The DELETE Act, also known as SB 362, will provide Californians with a “one-stop-shop website” where they can essentially hit a “delete” button controlling how data brokers collect, maintain, and sell their personal information online.
“Every Californian should be able to control who has access to their personal information and what they can do with it,” said Democratic Senator Josh Becker, who first introduced the Senate bill in February.
Data brokers collect, analyze, and sell personal information about consumers, aggregating data from public records, social media platforms, online transactions, and much more to create detailed profiles on millions of people, Becker says.

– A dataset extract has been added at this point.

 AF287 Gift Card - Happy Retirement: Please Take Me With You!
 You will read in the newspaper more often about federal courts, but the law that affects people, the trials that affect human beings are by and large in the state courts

And, although data brokers are required under the California Consumer Privacy Act (CCPA) to register with the state attorney general’s office, they previously did not have to disclose the types of information collected and sold to the agency.
Under the new Act, brokers must now disclose specific sensitive data such as:
- Personal information of minors
- Consumers’ precise geolocation
- Consumers’ reproductive health care data
Brokers would also be required to correct any personal information at the consumer’s request.
Previously, a person was only able to request the removal of online information that they'd personally provided to a site – for example, when signing up for a social media account or a shopping site – but not data collected by the brokers from other sources, often times obtained by sophisticated yet shadowy means.
“Data brokers spend their days and nights mining for personal information so they can build dossiers on millions of people and sell them to the highest bidder,” said Becker.
“The loophole in the law is big enough to drive a few million stolen identities through and it’s time to close it,” he said.
“Identity theft is certainly one concern, and older folks in particular are at risk of being scammed and ripped off by people who may have gotten their hands on a senior’s personal information,” Becker said.
SB 362, officially signed into law on October 10th, requires the CCPA to create a single deletion mechanism by January 1st, 2026 at no cost to the consumer.
Once established, data brokers will be required to access the site every 45 days to delete any consumer requests. If they fail to do so, the brokers would face monetary and civil penalties that are still to be determined.
Becker presides over two northern California counties near Silicon Valley.
Earlier this year, Becker also introduced a bill to create the state’s first Interagency AI Working Group to develop, oversee, and implement AI policy within the California legislature.